Content starts
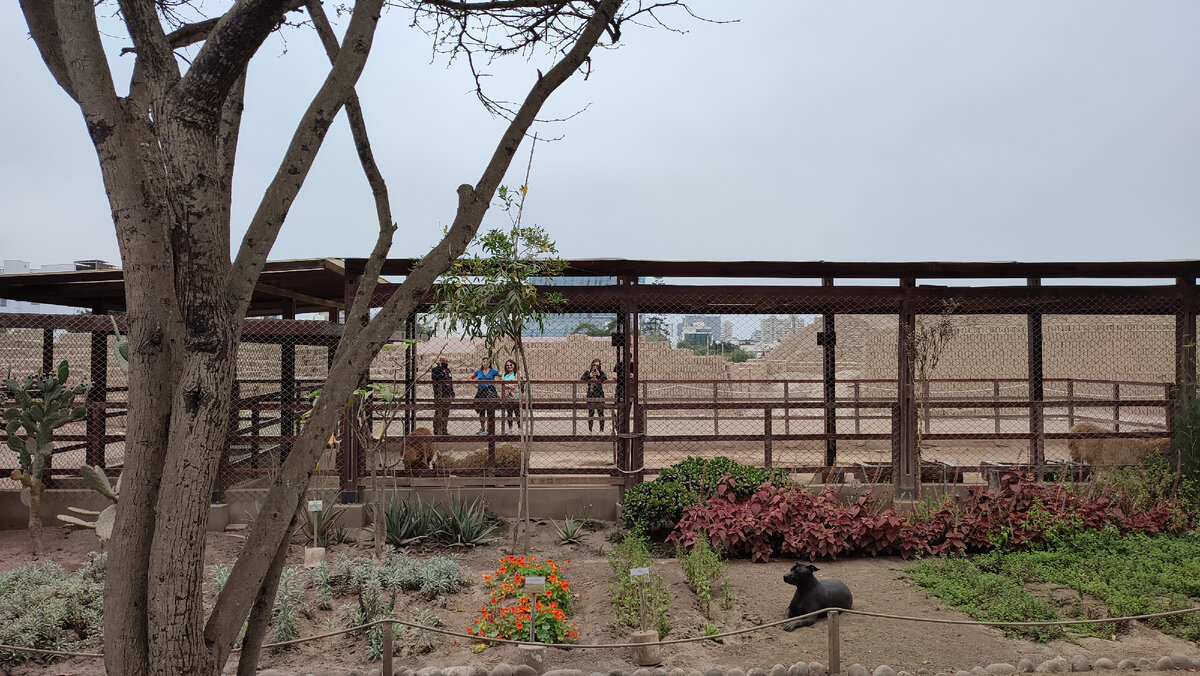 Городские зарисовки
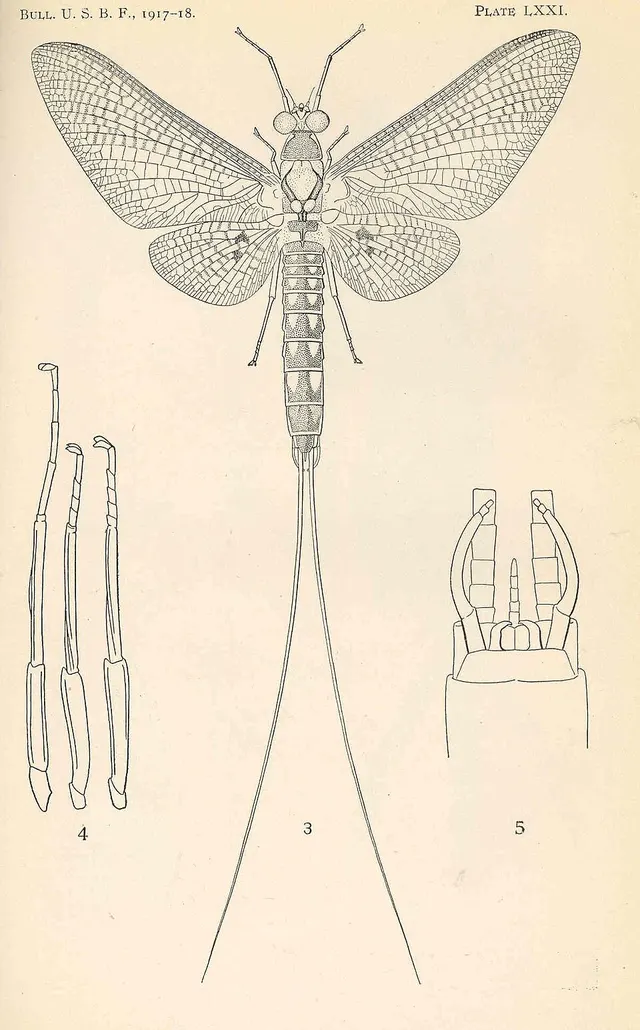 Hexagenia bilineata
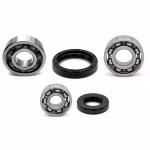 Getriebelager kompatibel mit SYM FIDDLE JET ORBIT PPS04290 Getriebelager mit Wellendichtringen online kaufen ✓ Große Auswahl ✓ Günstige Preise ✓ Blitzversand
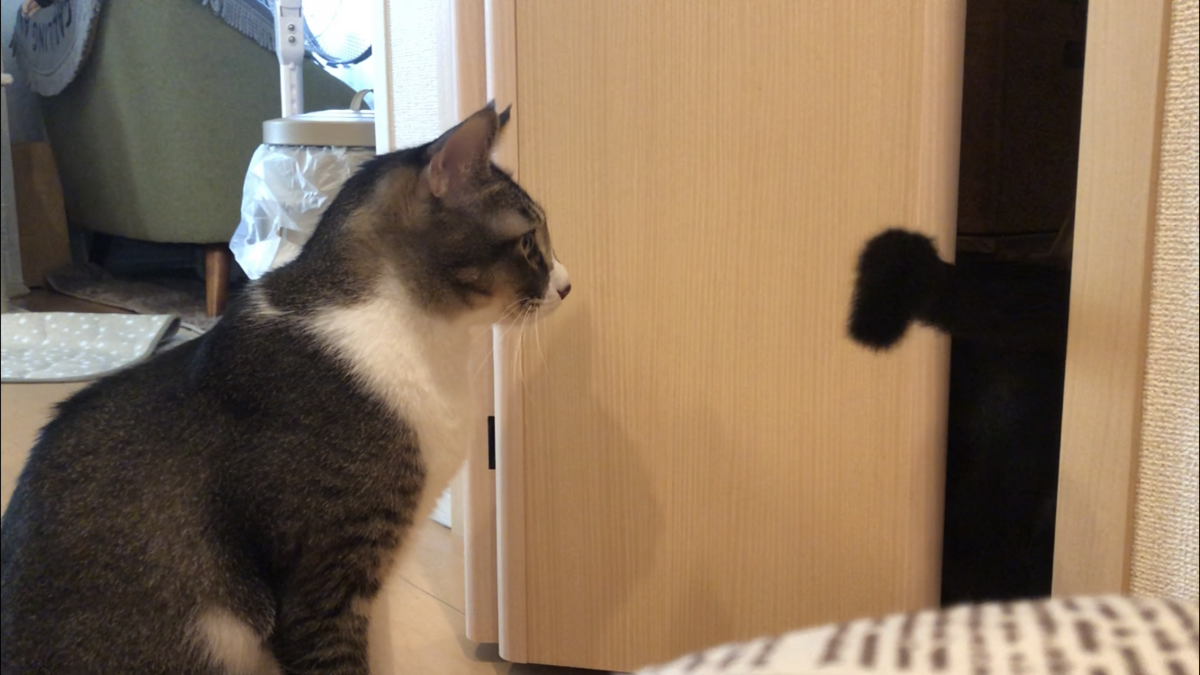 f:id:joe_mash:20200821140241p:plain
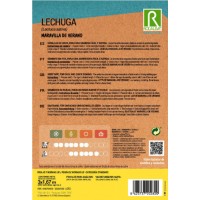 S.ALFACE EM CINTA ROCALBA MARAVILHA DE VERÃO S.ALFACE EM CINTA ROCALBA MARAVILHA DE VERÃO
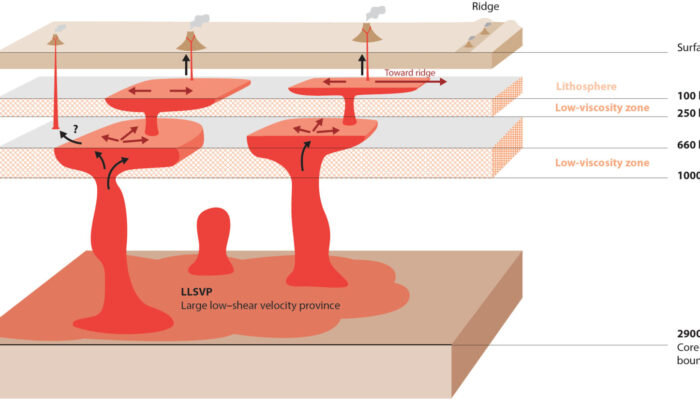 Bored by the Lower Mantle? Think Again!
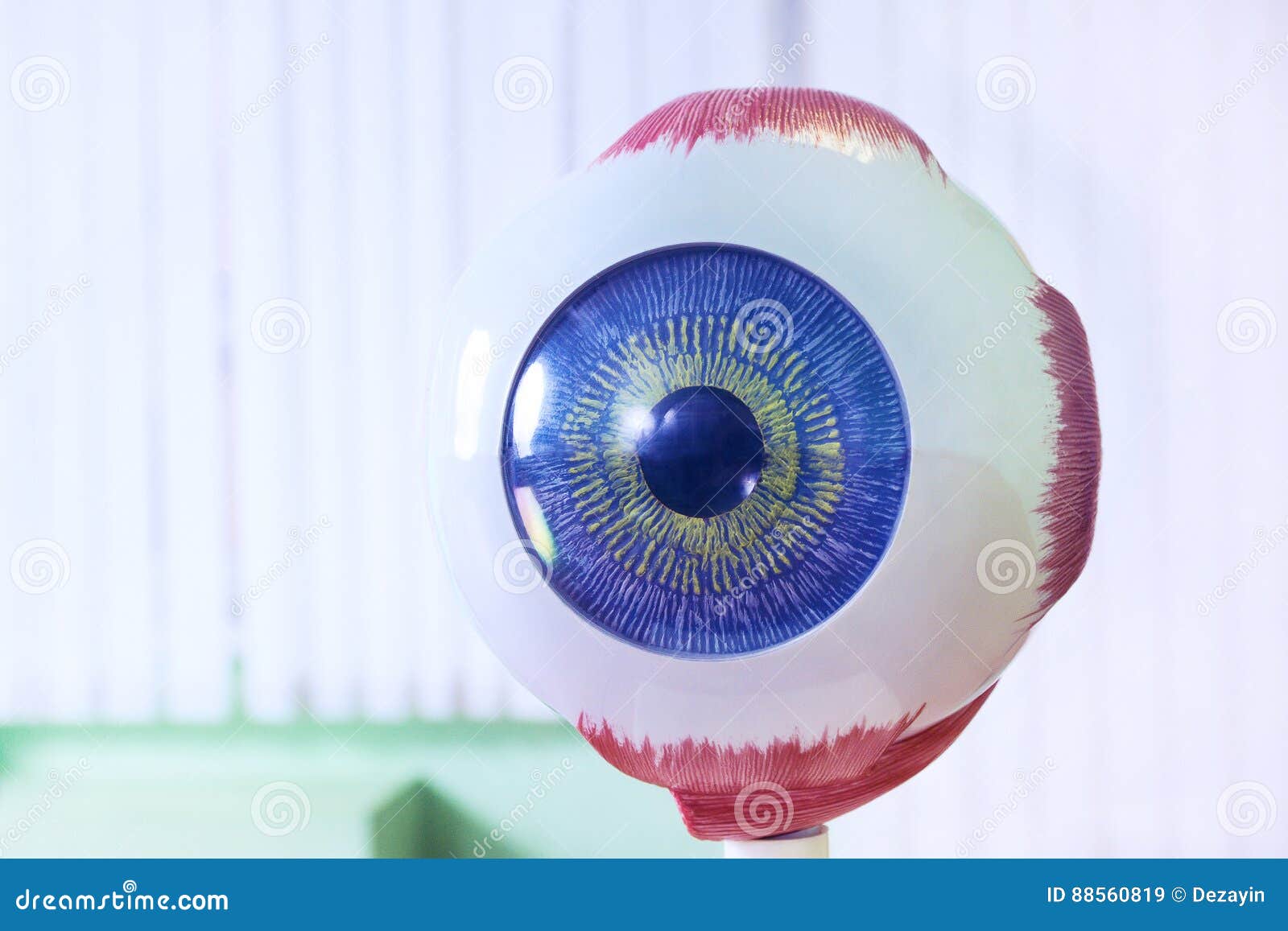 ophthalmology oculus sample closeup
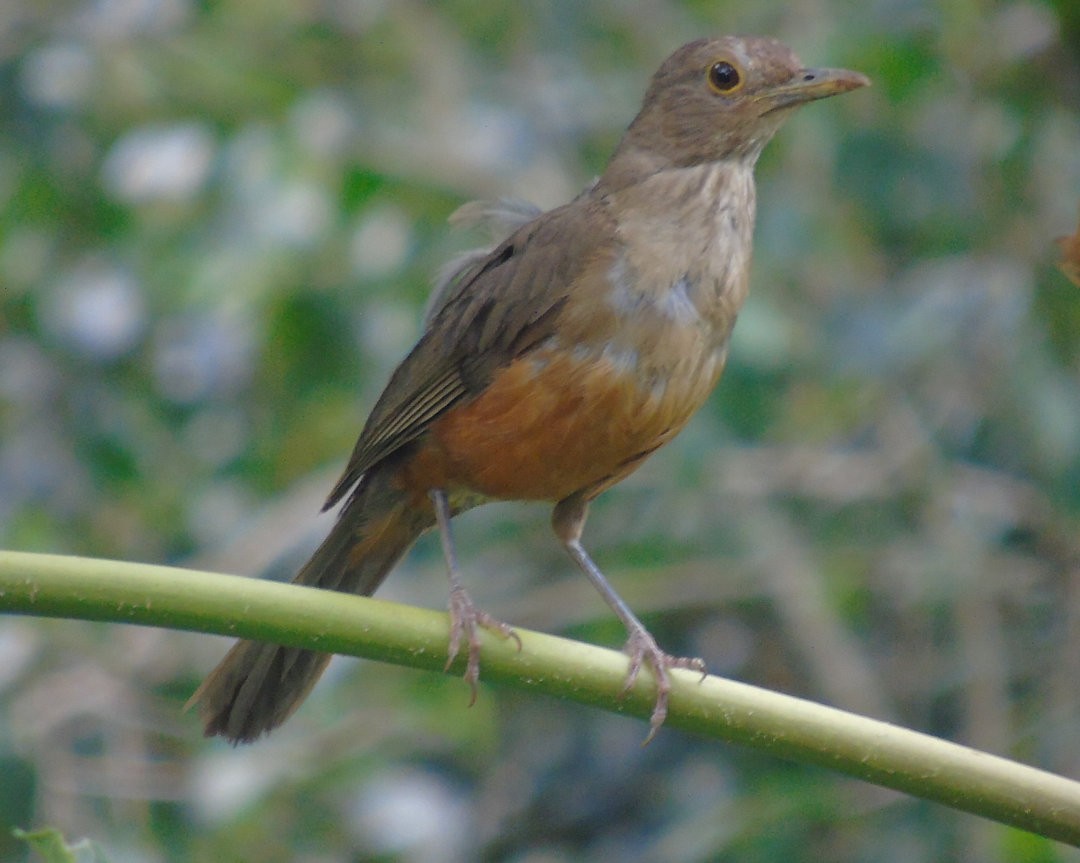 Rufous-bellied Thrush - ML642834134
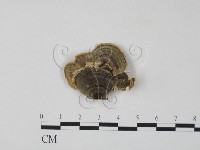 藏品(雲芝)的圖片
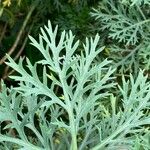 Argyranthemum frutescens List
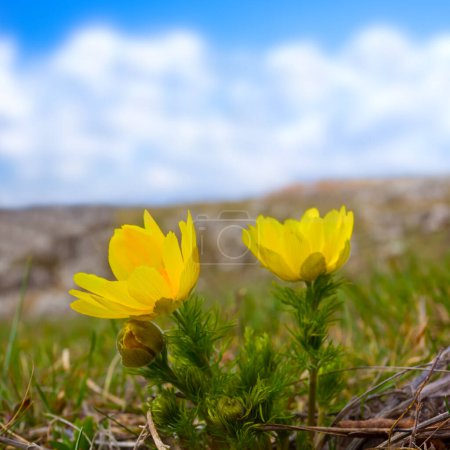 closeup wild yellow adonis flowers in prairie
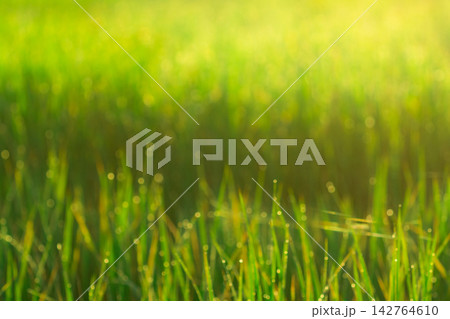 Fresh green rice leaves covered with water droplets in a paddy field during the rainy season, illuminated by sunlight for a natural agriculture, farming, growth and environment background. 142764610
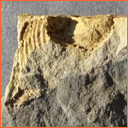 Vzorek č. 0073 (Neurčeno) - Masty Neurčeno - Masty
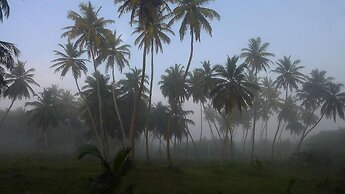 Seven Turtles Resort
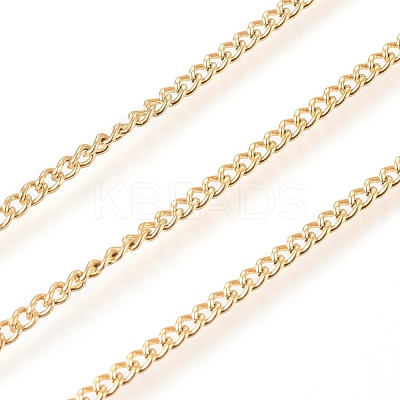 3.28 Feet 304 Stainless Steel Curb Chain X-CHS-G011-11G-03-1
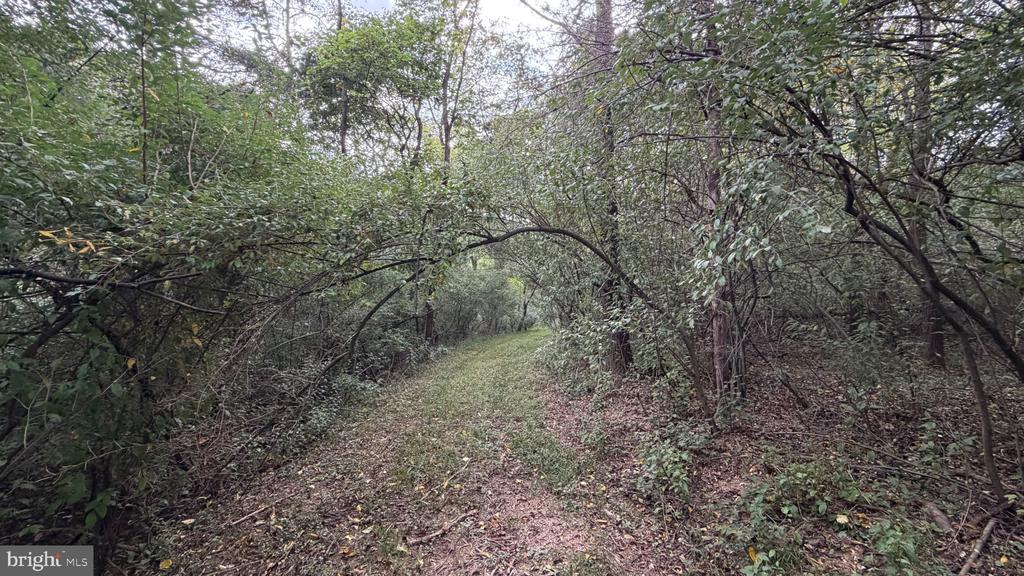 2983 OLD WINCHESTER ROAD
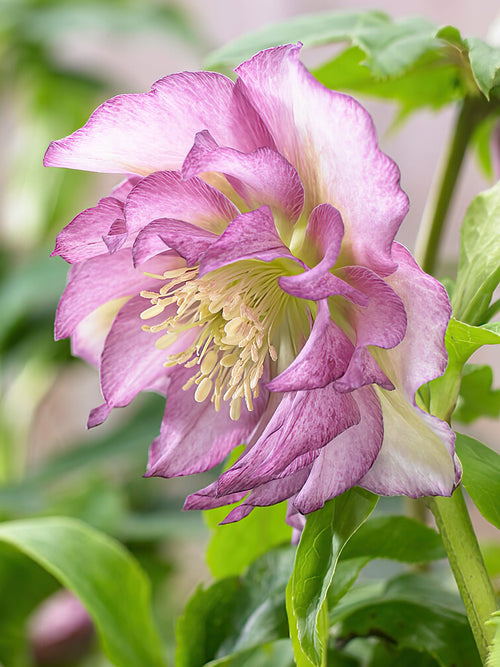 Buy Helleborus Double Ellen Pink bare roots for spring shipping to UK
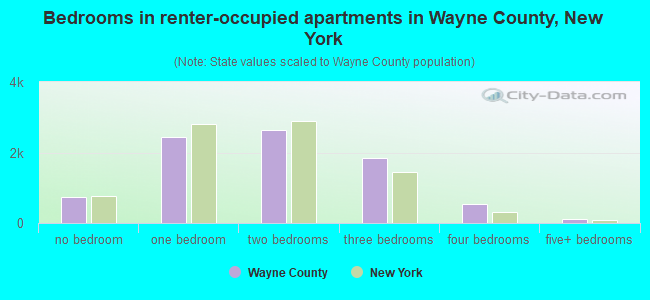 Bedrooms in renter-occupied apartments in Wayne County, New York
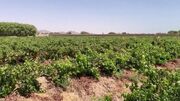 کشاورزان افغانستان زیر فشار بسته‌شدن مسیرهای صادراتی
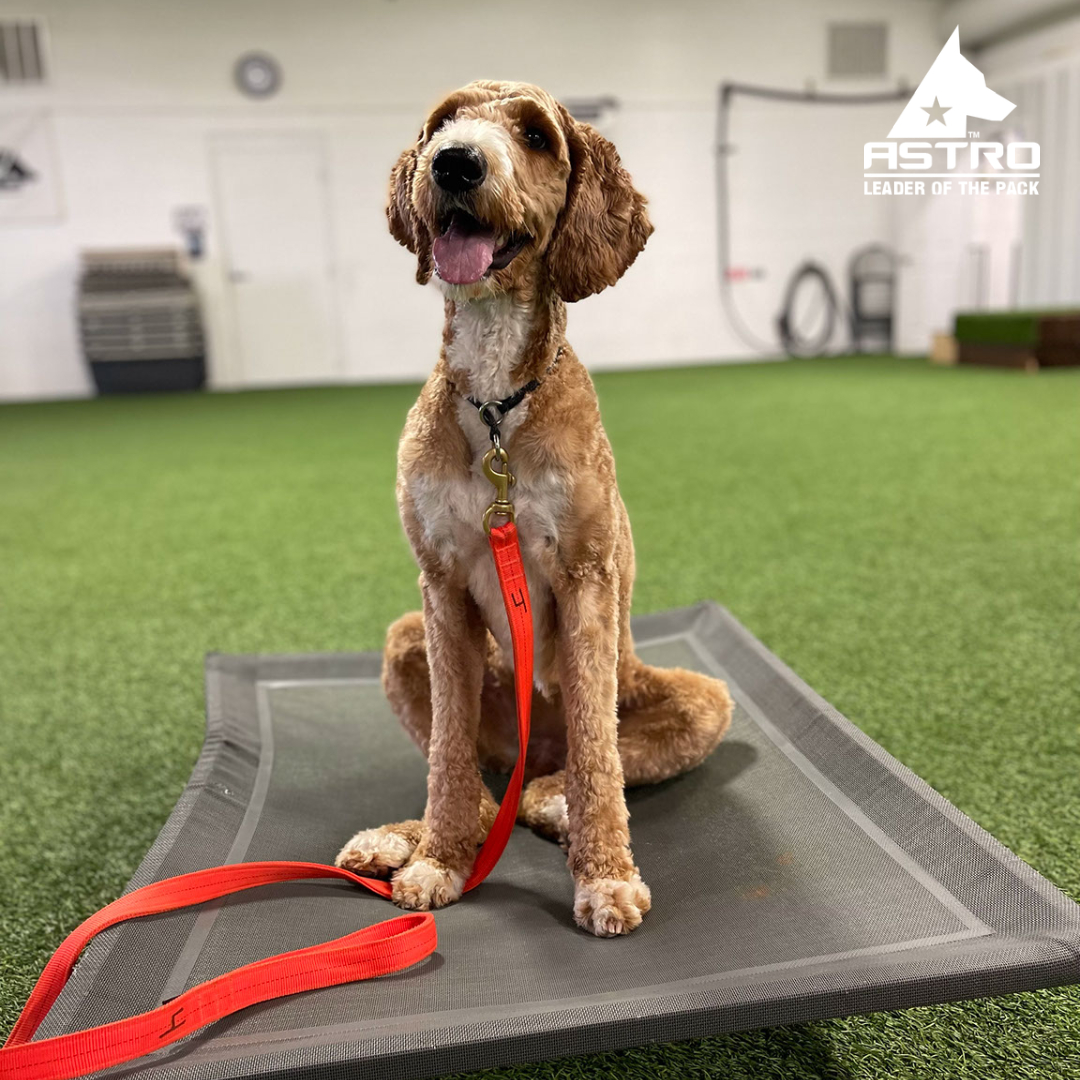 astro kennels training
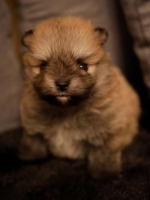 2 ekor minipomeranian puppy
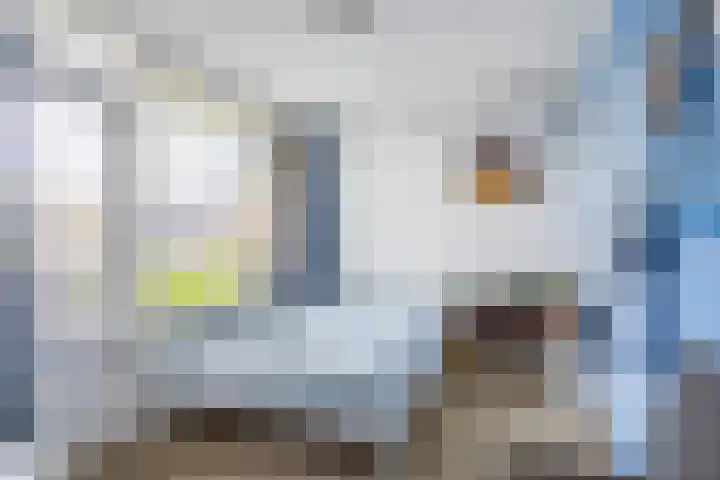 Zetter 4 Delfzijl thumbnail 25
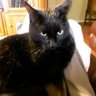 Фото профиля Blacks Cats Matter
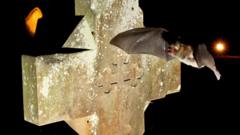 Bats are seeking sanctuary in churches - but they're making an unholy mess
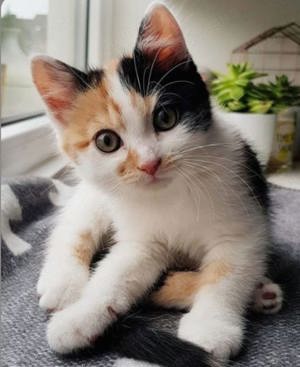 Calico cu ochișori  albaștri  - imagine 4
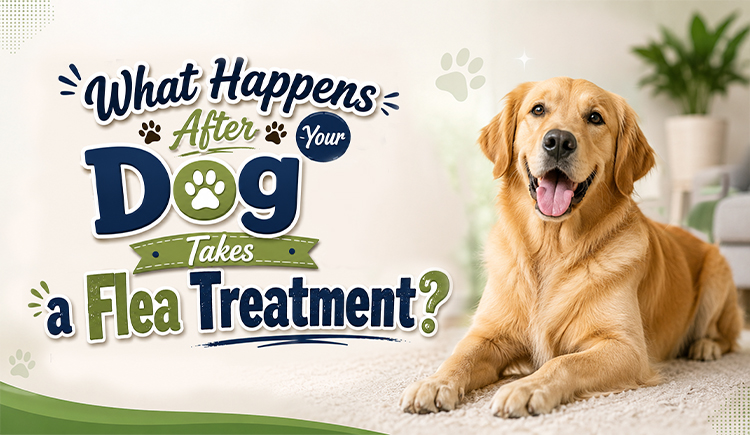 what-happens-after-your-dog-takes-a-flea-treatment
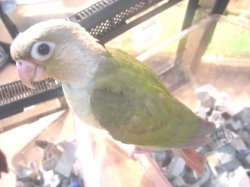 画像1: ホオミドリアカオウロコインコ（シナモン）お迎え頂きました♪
Content ends
● Task statement
The lines to set down run from the line with "f:id:joe_mash:20200821140241p:plain" up to and including the line with "closeup wild yellow" in the entries above. Reproduce them exactly, with no pictures.

● Response to this exercise
 f:id:joe_mash:20200821140241p:plain
 S.ALFACE EM CINTA ROCALBA MARAVILHA DE VERÃO S.ALFACE EM CINTA ROCALBA MARAVILHA DE VERÃO
 Bored by the Lower Mantle? Think Again!
 ophthalmology oculus sample closeup
 Rufous-bellied Thrush - ML642834134
 藏品(雲芝)的圖片
 Argyranthemum frutescens List
 closeup wild yellow adonis flowers in prairie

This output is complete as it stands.